[quote=Anonymous]
Your ad hominem attack on intelligence is useless. I wouldn’t characterize myself as anti-pit bull but do like science and data. As a self proclaimed intelligent person, you must embrace the same view and have a superior education to show for it. Waiting to hear on those details.
Temple Grandin, one of the foremost animal behaviorist, is long of the opinion that pit bulls are significantly more dangerous to both other animals and people than almost all other breeds. There is a reason, she relates, that 1/3 of the fatal attacks on people the past decades have come from pit bulls. Other negative statistics abound, but even if one disagrees as to the weight to give them, the statistical disparities are significant and make it difficult to argue they are illusory. I will cast my lot with Temple Grandin than someone who without basis calls people on message board in-intelligent. Maybe they just disagree? Of course Grandin concedes that poor owners play a role. But that is the point. With an animal bred for aggression which gives limited or no warning in many cases, there are not many people with specific expertise to properly handle them. How is the public to know? So in the end outcomes really matter, no matter the cause, and they are poor. Observing that data doesn’t make someone not intelligent , just observant. [/quote]

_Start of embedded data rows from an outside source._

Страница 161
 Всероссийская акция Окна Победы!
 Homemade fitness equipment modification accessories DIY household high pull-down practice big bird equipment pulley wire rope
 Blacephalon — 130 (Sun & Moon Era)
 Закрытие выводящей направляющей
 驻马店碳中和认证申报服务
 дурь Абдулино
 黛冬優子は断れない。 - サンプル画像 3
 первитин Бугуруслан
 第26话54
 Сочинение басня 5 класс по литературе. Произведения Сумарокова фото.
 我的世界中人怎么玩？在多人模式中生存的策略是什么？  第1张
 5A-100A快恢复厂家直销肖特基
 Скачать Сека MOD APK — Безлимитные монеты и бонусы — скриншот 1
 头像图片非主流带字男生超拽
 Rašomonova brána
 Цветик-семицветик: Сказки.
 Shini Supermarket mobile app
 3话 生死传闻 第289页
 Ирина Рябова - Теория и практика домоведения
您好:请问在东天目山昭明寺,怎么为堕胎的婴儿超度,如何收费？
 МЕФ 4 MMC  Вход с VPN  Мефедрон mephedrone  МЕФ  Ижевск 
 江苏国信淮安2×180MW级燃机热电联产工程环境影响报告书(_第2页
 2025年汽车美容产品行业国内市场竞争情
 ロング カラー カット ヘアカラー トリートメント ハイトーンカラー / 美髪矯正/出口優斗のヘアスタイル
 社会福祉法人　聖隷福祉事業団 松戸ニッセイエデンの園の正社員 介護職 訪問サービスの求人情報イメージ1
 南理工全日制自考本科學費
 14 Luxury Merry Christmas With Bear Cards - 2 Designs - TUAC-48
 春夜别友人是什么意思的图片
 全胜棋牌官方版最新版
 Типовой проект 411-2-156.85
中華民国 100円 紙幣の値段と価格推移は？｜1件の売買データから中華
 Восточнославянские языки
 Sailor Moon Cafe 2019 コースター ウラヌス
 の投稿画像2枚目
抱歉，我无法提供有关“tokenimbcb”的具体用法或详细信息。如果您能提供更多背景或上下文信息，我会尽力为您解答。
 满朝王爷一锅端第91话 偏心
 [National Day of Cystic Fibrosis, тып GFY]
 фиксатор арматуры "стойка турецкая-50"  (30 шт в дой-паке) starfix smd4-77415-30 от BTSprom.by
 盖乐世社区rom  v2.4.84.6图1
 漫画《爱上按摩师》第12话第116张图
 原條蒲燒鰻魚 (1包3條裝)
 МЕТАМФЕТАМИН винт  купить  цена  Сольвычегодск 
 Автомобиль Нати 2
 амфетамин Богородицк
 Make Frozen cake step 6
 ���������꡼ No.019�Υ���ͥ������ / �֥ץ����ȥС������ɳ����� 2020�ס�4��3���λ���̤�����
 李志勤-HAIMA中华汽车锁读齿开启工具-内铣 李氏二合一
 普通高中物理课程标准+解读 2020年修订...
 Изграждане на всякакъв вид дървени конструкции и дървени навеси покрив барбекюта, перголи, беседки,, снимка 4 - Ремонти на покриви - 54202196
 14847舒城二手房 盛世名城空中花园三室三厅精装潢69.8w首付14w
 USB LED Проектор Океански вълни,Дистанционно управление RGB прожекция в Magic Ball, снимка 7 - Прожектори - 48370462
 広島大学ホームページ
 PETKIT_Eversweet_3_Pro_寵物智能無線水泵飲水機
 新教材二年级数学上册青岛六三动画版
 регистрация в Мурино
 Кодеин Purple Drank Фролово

Twatty, I googled your alleged Temple Grandin claim, and found nothing of the sort. The only thing I found that comes even remotely close, this:
https://www.powells.com/post/interviews/the-powellscom-interview-with-temple-grandin, says the following:
"Grandin: I am very concerned about the restricted life that we give dogs. I recently had a person in England interviewing me, and in England, when you go to the regular park, not the dog park, you're allowed to have your dog off the leash as long as you're there with it. That's better for the dogs.
Our dogs are living such a controlled life that they're having more and more behavior problems, because they don't have a doggie social life. When I was a child, all the dogs ran loose. The bad side was that lots of dogs were killed by cars. But on the upside, these animals had a really great doggie social life, and therefore a great quality of life.
When a new dog came into the neighborhood that was young, the older dogs put him in his place and taught him social manners. We didn't have all these problems with dog bites. We had three simple rules we learned as kids: Do not bother a dog when he's eating. Don't poke him while he's sleeping — let sleeping dogs lie. You could call him to you, but don't go up and poke him. And don't pet strange dogs you don't know. We followed those rules, and we didn't have all these behavior problems.
The other problem we've got today is people deliberately breeding criminal animals. If they ban pit bulls, there will be some other kind of dog that they're going to totally ruin. It's just criminal, what some people are doing. They're deliberately breeding dogs for very aggressive traits. I heard one horror story from a shelter where there were a whole bunch of puppies that were eight weeks old, from a drug dealer's big-headed pit bull, and every single one of them was sent back for biting. That's genetics."
None of that supports your so-called point. Cite facts or GTFO with your unintelligent fearmongering.